Figures 35.7, 35.8, and 35.9 show the cost per stream as a function of the number of simultaneous displays supported by the system (throughput) for three different configurations. Figure 35.7 shows a system that is installed in 1994 and consists of 10 Barracuda 4LP disks. Figure 35.8 shows the same system two years later when it is extended with 10 Cheetah disks. Finally, Figure 35.9 shows this system in 1998 when it is extended with 10 Barracuda 18 disks. To estimate system cost, we assumed: a) the cost of each disk at the time when they were purchased with no depreciation cost, and, b) the system is configured with sufficient memory to support the number of simultaneous displays shown on the x-axis. We assumed that the cost of memory is $7/MB, $5/MB, and $3/MB in 1994, 1996, and 1998, respectively. Additional memory is purchased at the time of disk purchases in order to support additional users. (Once again, we assume no depreciation of memory.) While one might disagree with our assumptions for computing the cost of the system, note that the focus of this study is to compare the different techniques. As long as the assumptions are kept constant, we can make observations about the proposed techniques and their performance tradeoffs.

click to expand
Figure 35.7: One Seagate disk model (homogeneous).

click to expand
Figure 35.8: Two Seagate disk models (heterogeneous).

click to expand
Figure 35.9: Three Seagate disk models (heterogeneous).

In these experiments, OLT2 constructed logical zones in order to force all disk models to consist of the same number of zones.

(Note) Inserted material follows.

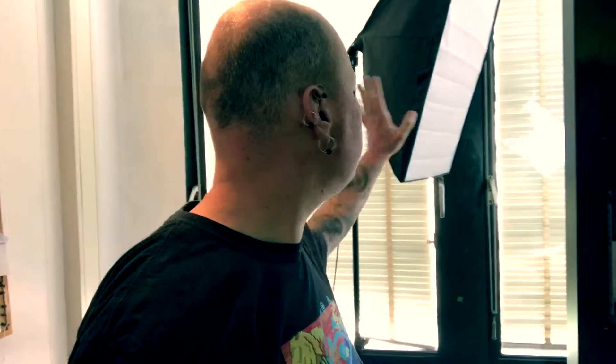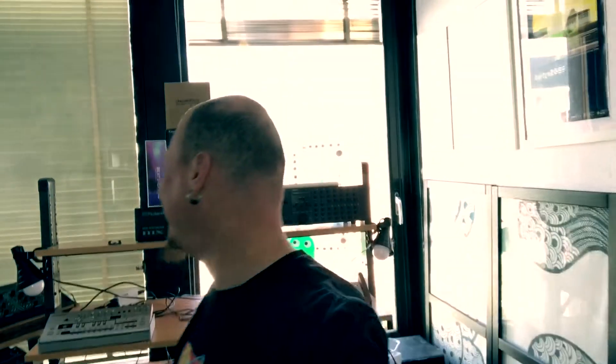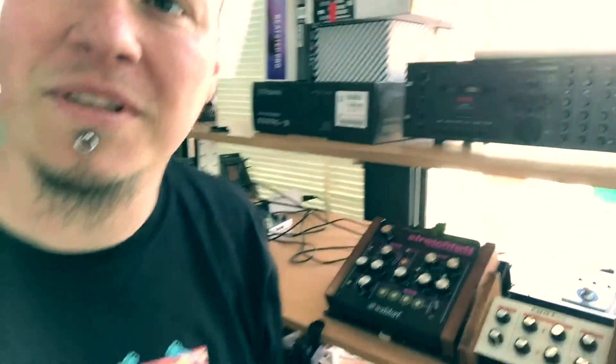This is the other side of my studio and as you can see there's another studio light set up here. Come around here — this is my main light. It will keep me a little bit lit, and as you can see right now it's very bright outside.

This meant that OLT2 eliminated the innermost zone (zone 10) of Barracuda 4LP, splitting the fastest three zones of Cheetah into six zones, and splitting the outermost zone of Barracuda 18 into two. Figure 35.9 does not show OLT1 and OLT2 because: a) their cost per stream is almost identical to that shown in Figure 35.8, and b) we wanted to show the difference between HetFIXB, HDD, and HTP.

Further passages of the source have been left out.